Fixing Potholes in Gravel and Dirt Driveways

A dirt road with several potholes filled with water.
What You'll Need
Rake
Shovel
Coarse gravel
Tamper
Dirt
Matching gravel
Car
What You'll Need
Rake
Shovel
Coarse gravel
Tamper
Dirt
Matching gravel
Car

A driveway should be a safe place for your car to rest and your friends to park, not an obstacle course or a danger zone. If your driveway needs repairing, it is important to take the bull by the horns and get that repair underway. A neglected driveway will only get worse, so the sooner you start the repairs, the sooner you will have your beautiful driveway back again.

In order to properly address and fix driveway problems, we should first address the reasons that potholes form in dirt and gravel driveways. In most cases the culprit is water that becomes trapped beneath the surface of the driveway. Therefore, part of your repairs should include improving the drainage in the area. These drainage improvements should be done before the top surface is finished.

To repair those troublesome and potentially dangerous potholes in your dirt or gravel driveway, follow these steps.

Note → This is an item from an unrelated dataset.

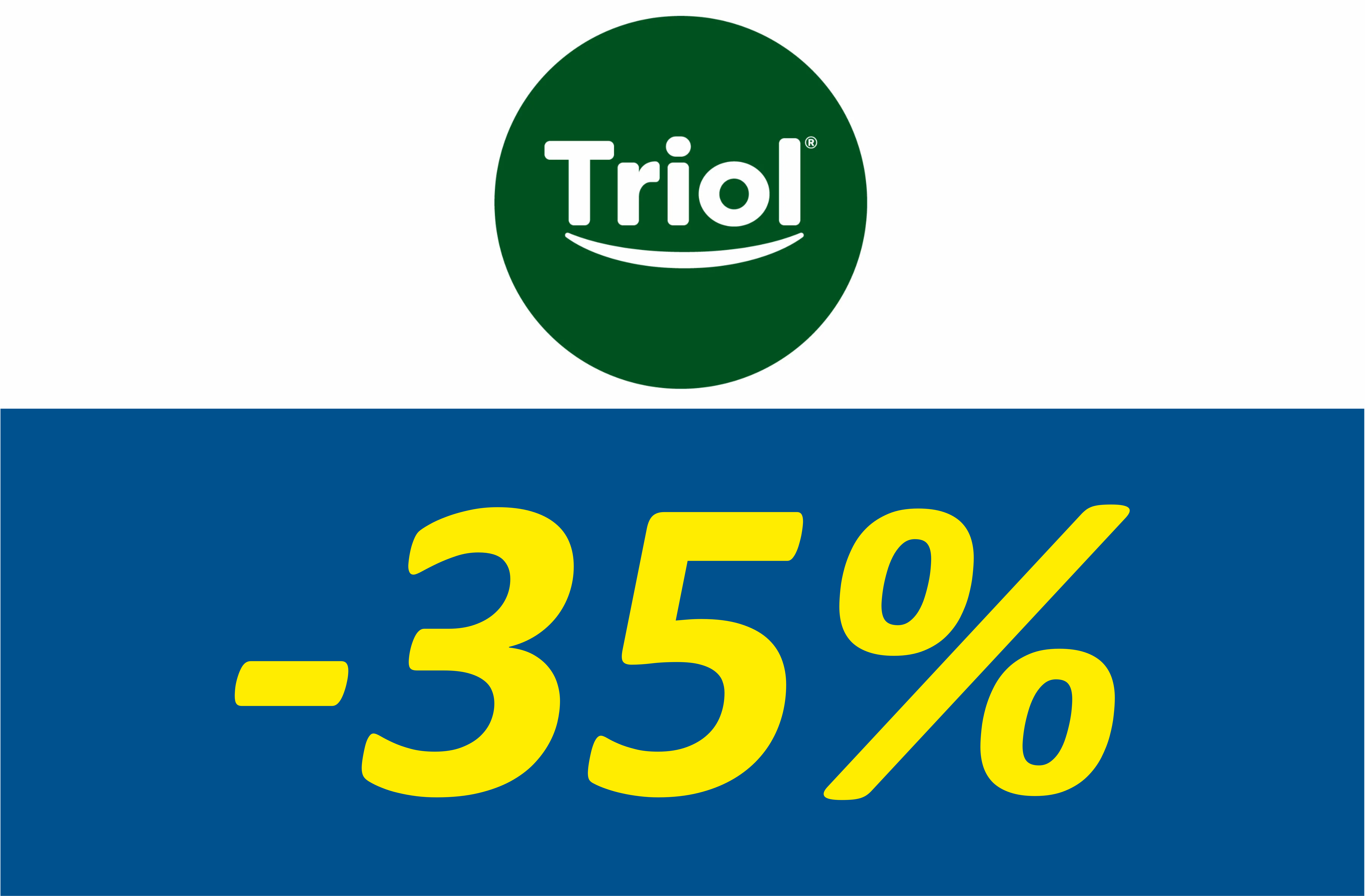 Скидка 35% на домик из войлока от компании Triol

Step 1 - Remove Debris From Pothole

Begin by raking or shoveling any gravel, soil, loose stones, or other debris from the pothole itself. If the sides of the hole are loose, be sure to cut the hole straight down. Use a shovel to cut the edges of the hole straight, creating firm edges that will be easier to work with.

Step 2 - Fill the Pothole

Fill up the pothole with a coarse gravel to a depth of about about three inches beneath the level of the driveway itself. After the coarse gravel is in place, it should be tamped down using either a commercial tamper or a homemade substitute. An inexpensive and effective tamper can be made by nailing a small square of plywood (approximately 3/4 of an inch) to the bottom of a four-foot long 2x4.

If you are repairing a pothole in a dirt driveway, the hole should be then filled until the soil is mounded a couple of inches above the surface of the driveway. After the soil is in place, it should be watered thoroughly and then tamped down until it is as firm as you can make it. If this tamping causes the soil to drop below the surface of the driveway, add more until the level is once more a bit above the surface of the driveway; then, compact it again.

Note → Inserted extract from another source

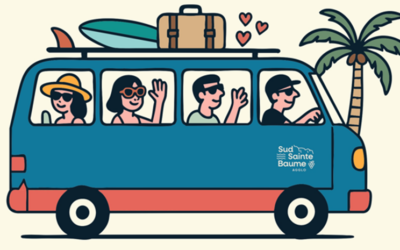 Empruntez les nouvelles navettes Esti’Bus !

When making repairs to a gravel driveway, the last three inches of the pothole should be filled up with gravel that matches the color and texture of the rest of the driveway. The material should be mounded until it rises just above the surface of the driveway. Then, rake to make it blend in with the rest of the driveway surface.

Step 3 - Compact the Patch

The final step is to compact the dirt or gravel down still more. The fastest and easiest way to accomplish that is simply to run the wheels of your car up and down over the repaired spot a few times. A few runs are usually sufficient to seal the pothole.

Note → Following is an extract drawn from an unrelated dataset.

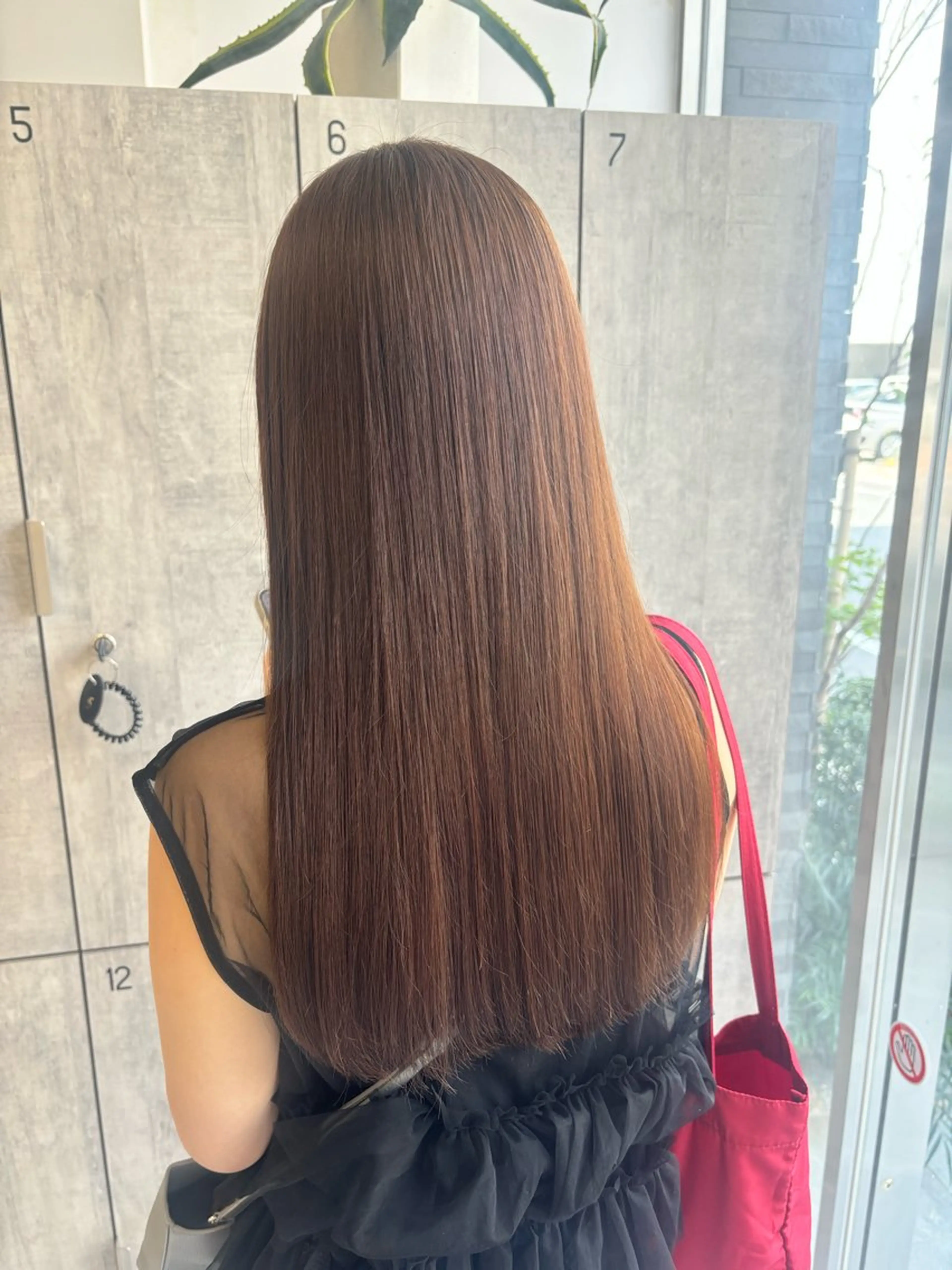 カラー Rina/似合う × なりたい、叶えます。のヘアスタイル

Repeat the above steps for any other potholes you may have, and be sure to watch for the occurrence of new holes. Watch for areas of poor drainage after a rain, and take the steps necessary to improve drainage in that area. Addressing the reasons for pothole formation is critical to keeping the driveway in tip-top shape.

For proper drainage, it is best that the driveway have a crown in its middle, at least one inch for each four feet of width. If this is not possible, an alternative is to design the driveway so that it slopes mildly in the direction the water drains.

Fixing Gravel and Dirt Driveway Potholes FAQ

What can I use to fill potholes in my gravel driveway?

Potholes can be filled with any number of materials to fill and smooth the hole, making driveways safer to use. Concrete, gravel, asphalt and pavers are all effective solutions for filling potholes.

How do you fill holes in a dirt driveway?

To fill potholes in a dirt driveway, start by filling most of the hole up with coarse gravel. Tamp this down to compact it and then cover the hole with dirt.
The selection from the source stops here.